Godzilla et le questionnement du traumatisme de la guerre
Le synopsis de Godzilla est connu : une série d’incidents inexpliqués, des militaires, un monstre réveillé par des scientifiques ou des pêcheurs, selon la version du film. Mais à chaque fois revient la question du nucléaire au cœur de l’intrigue. Dans le film de 1954, soit neuf ans après la fin de la seconde guerre mondiale seulement, l’effet est retentissant au Japon : neuf millions de spectateurs iront voir le film.
Mais aux Etats-Unis, qui sont entrés dans la guerre froide et portent déjà sur le dos le poids d’Hiroshima et de Nagasaki, la question est plus délicate. Le montage américain minimise l’impact de la question nucléaire et réduit le film à 81 minutes au lieu de 98 pour la version japonaise.
Au cours des décennies et des films, particulièrement de la série Shówa, Godzilla deviendra tour à tour menace ou protecteur contre divers autres monstres et métaphoriquement contre ce danger nucléaire encore si présent, même dans l’esprit des plus jeunes. Quand il combat des monstres encore plus gros et incontrôlables que lui, il est souvent l’allié de la police ou de l’armée comme dans « Méchagodzilla contre-attaque » (1975) réalisé par Ishiró Honda.

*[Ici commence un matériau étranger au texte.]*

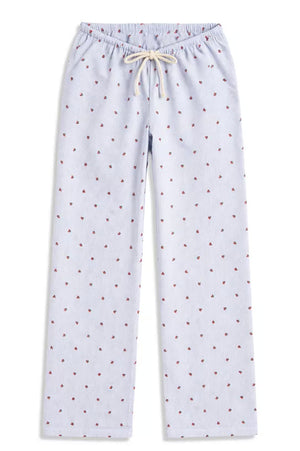 KatieJ Capri Striped Lounge Pants, Cherry Seersucker Stripe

Godzilla, enfant monstrueux de la technique
En naissant si vite après les bombardements nucléaires, Godzilla pose une question tant aux vainqueurs qu’aux vaincus : « pourquoi vis-je ? ». L’histoire de sa folie destructrice est celle de parents dépassés par leur propre création, qui ont « trop aimé la guerre » pour reprendre les mots de Louis XIV. Si la seconde guerre mondiale a marqué l’aboutissement de l’horreur dans le nombre de morts, civils et militaires, c’est sans doute la faillite de la technique et de la raison qui marque cette période. L’utilisation de l’arme nucléaire a en l’occurrence montré qu’en quelques secondes, on pouvait supprimer et briser des vies sur des décennies. Voilà ce que dit aussi Godzilla, renvoyant de fait les Américains et Japonais dos à dos qui se sont entretués. Cette créature gigantesque, capable de raser d’immenses tours des deux côtés du Pacifique, rappelle là aussi l’union de deux civilisations [unies] dans la modernité et la froideur du béton de l’après 1945.

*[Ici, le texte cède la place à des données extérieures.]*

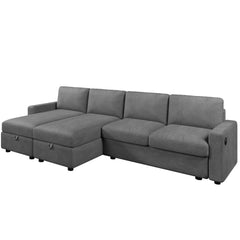 Modern Convertible Sectional Sofa with Storage Chaise Lounges and USB
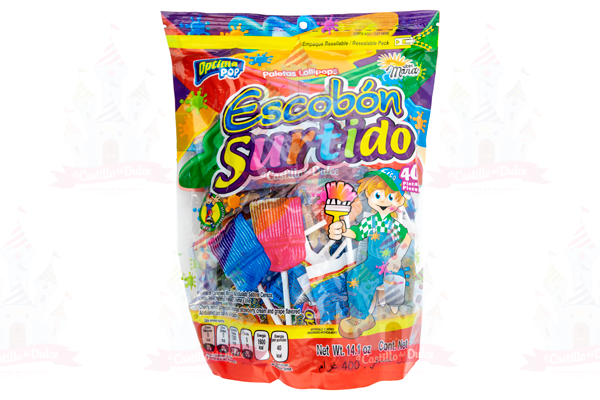 PALETA ESCOBON SURTIDO 35/40 PZ MARA - EL CASTILLO DEL DULCE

Godzilla : Resurgence (2014), fable écologique?
Il est temps de s’intéresser à la nature de Godzilla, pour commencer. Dinosaure de l’espèce Godzillasaurus dans la série Heisei (1984-1995), iguane mutant dans le film de Roland Emerich (1998), il devient finalement une créature préexistant les dinosaures dans le film de 2014. Il s’y nourrit alors des radiations naturelles de la Terre. Véritable puissance antédiluvienne, Léviathan amphibie, il est alors plus proche d’un véritable Kaijū (« monstre » littéralement), ces esprits ou forces de la nature que l’on retrouve dans les films de Hayao Myasaki par exemple.
Dans ce film, c’est un accident dans une centrale nucléaire qui est le déclencheur du film, allusion évidente à l’incident de Fukushima. Dans un Japon soumis aux séismes, aux typhons, aux moussons, les forces de la nature s’incarnent en Godzilla. En effet, son nom Gojira ( ゴジラ) vient du mot « Gorira » ( ゴリラ), le gorille, et « kujira » ( くじら), la baleine. Les deux animaux renvoient respectivement à la silhouette et à la taille de la créature. Dans le film, Godzilla apparaît comme une divinité ambiguë : puissance chtonienne courroucée, elle détruit des immeubles et des ponts mais sauve néanmoins les humains des monstres que sont les MUTO (mutant ultime terrestre d’origine inconnue), jouant là son rôle de super prédateur. Godzilla est donc celui qui rappelle, à la manière des créatures de Howard P. Lovecraft, que l’Homme n’est pas seul sur Terre, que son règne est jeune, fragile et éphémère.
Enfant monstrueux ou créature semi-divine, Godzilla a réussi à s’inscrire dans le panthéon de la science-fiction et de la culture pop de façon durable. Les enjeux de société ont su se le réapproprier et il est probable qu’à l’instar de son rival King Kong, on le revoie prochainement au cinéma. Le monde a besoin de lui.